We are trying to fix them. We've talked a lot about them. I think he genuinly wants things to be better. He's not a bad person.

 

The problem is I don't feel that same * whatever * it is that tells you you're in love. Is it just because we haven't seen each other very much since we broke up? Does it just require spending more time together? More talking?

 

Everytime I've seen him I've felt a lack of that * whatever *.

 

It makes me sad.

Posted

It's like the saying goes "Absence makes the heart grow fonder". If you guys have a solid grounding then this may ring true. But the fact is your simply just not that into him anymore. It happens a lot, especially around the magical 9 month mark (though really it can happen anytime). You made it to two years on and off, and now a part of you is saying do I really want to waste more of your time and his drama on him?

 

He's walked away from you 3 times in two years. He's played his cards only to keep reeling you in with another round of Poker and the chance to win big. Isn't it about time you found someone that doesn't walk away at all?

Posted

What was his reasoning for breaking up with you three times in two years?

Posted
It's like the saying goes "Absence makes the heart grow fonder". If you guys have a solid grounding then this may ring true. But the fact is your simply just not that into him anymore. It happens a lot, especially around the magical 9 month mark (though really it can happen anytime). You made it to two years on and off, and now a part of you is saying do I really want to waste more of your time and his drama on him?

 

He's walked away from you 3 times in two years. He's played his cards only to keep reeling you in with another round of Poker and the chance to win big. Isn't it about time you found someone that doesn't walk away at all?

 

Hey Lemontang, what do u mean when you say if you guys have a solid grounding, then the say might be true?

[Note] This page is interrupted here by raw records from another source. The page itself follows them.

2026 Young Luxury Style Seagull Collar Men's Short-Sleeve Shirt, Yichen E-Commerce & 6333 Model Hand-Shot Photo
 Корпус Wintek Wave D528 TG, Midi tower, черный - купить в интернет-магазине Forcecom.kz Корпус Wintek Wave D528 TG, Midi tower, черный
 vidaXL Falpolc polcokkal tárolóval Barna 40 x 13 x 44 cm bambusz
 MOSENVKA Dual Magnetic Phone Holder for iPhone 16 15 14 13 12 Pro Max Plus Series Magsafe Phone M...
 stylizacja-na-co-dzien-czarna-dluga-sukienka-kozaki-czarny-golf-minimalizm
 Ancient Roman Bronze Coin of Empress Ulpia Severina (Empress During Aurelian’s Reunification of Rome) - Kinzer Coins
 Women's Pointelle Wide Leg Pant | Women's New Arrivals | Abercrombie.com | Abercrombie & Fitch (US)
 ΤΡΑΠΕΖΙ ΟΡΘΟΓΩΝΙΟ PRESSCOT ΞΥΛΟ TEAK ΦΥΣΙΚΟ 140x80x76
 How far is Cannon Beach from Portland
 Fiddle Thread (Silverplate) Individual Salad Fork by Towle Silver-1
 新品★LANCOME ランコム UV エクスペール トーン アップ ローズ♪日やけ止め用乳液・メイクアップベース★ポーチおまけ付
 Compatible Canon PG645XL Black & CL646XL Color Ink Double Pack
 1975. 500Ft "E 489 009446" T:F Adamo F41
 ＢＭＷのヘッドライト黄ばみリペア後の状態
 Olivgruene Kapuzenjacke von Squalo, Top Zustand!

What do you mean by that?

Posted
Hey Lemontang, what do u mean when you say if you guys have a solid grounding, then the say might be true? What do you mean by that?

 

The best way to sum it up is that you both started the relationship off on a clean slate, no baggage or rebounds from other relationships. So you could both focus on each other and not have one deal with another persons drama coming into the relationship.

 

The fact that he's walked out on you 3 times already doesn't bode well, and your simply tired of his get out of jail free card he keeps pulling to get back with you. In other words your starting to see what or who he really is and realise he's just not for you.

 

If you need to take time out. Take it, explain it to him at the very least. You may even see another side of him because it was you that took the step. But the important thing is you do it for yourself and no one else, and in time you may want to revisit or simply move on.